I awoke quite out of it Monday morning, sporting something like an emotional hangover, or maybe more like a hairball. Intestines acting weird, head heavy, mood sludgy. The day was gray, sticky, and still. I spent the morning at sixes and sevens, drifting uneasily from one thing to the next.
Finally, despite threatening clouds, I did what you’re thinking I did, what I know how to do. I kitted up and steered my beloved Vaya out toward some local flowy trails about five miles from our door.
A steady rain started on my way to the trailhead. It felt so much like an extension of my mood, I almost didn’t notice it at first. I considered turning around, but instantly rejected the idea. I needed to ride, period. I emptied my mind as best I could and pressed on toward the trailhead, hoping things would work themselves out once I got into the woods. They often do.

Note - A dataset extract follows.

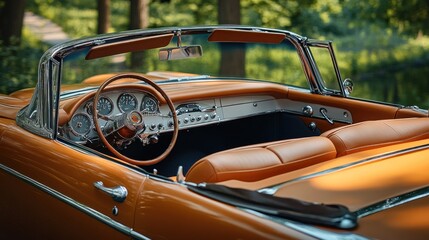 A vintage convertible car interior showcasing orange leather and classic design elements.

I’ve spent most of the last few weeks on the road bike, so when I first reached the dirt, I was all over the place. After a while, the rain abated a bit, I could see the trail a little better, and I picked up a little speed. I poked around, discovering a lovely loop: Good-sized, flat-to-rolling, with just a few steep ramps of loose soil and roots which I could enjoy powering up, and enough washed-out, rooty sections to get the adrenal glands firing over something more substantial than the feverish thoughts haunting me of late.
Riding mountain bike trails with 35 millimeter tires, a rigid road frame, and traditional touring gearing does more than just soak up your power like a loamy sponge; it demands a lot of desperate maneuvering and bucking-bronco-style handling skills. The first time I rode real single-track (a test ride of the Vaya this spring) I had the simultaneous experience of being a rank beginner, and yet falling in love and picking up skills surprisingly smoothly. I still feel that way. Half the tricky sections I clear are due to pure luck or sheer momentum. I have more narrow misses than I care to think about. But when they come, I often stop, turn around, and study the root or rock that nearly threw me, and get clear on what happened. Frequently, I’ll ride that section again, and even again, until I have a better feel for the dynamic. That part reminds me of my days as a guitarist, going over and over a lick on a recording by some hotshot gunslinger. That moment when I got it cold – when I couldn’t tell the difference between his guitar line and mine – gave up a feeling quite similar to nailing a patch of trail I could only skitter through before. That sensation is quite a useful antidepressant; it’s called agency in the psychotherapy world.
I stopped for a while beside a pond to nibble at a Clif bar and watch puffs of dense mist being blown across the surface of the water. It wasn’t a Zen moment. The rain didn’t come down like a blessing, didn't wash away my cares and leave me reborn. My father was still deadly ill, I still needed a better job, on and on; all the stressors were still stubbornly tangible. But for the moment, they were surrounded by damp forest smells and total isolation and flowy, earthy trails, and new-found agency pulsing through me with each heartbeat. The mean and the grand, the fun and the dreadful; in the wet woods, there was room for everything to rest side by side in a grudging truce, which might last only until I pulled, soaking wet, into my garage, but it was enough. There was a balance. My sixes were sevened, and my sevens sixed.
I wiped the rain-sweat from my face and time-trialed home.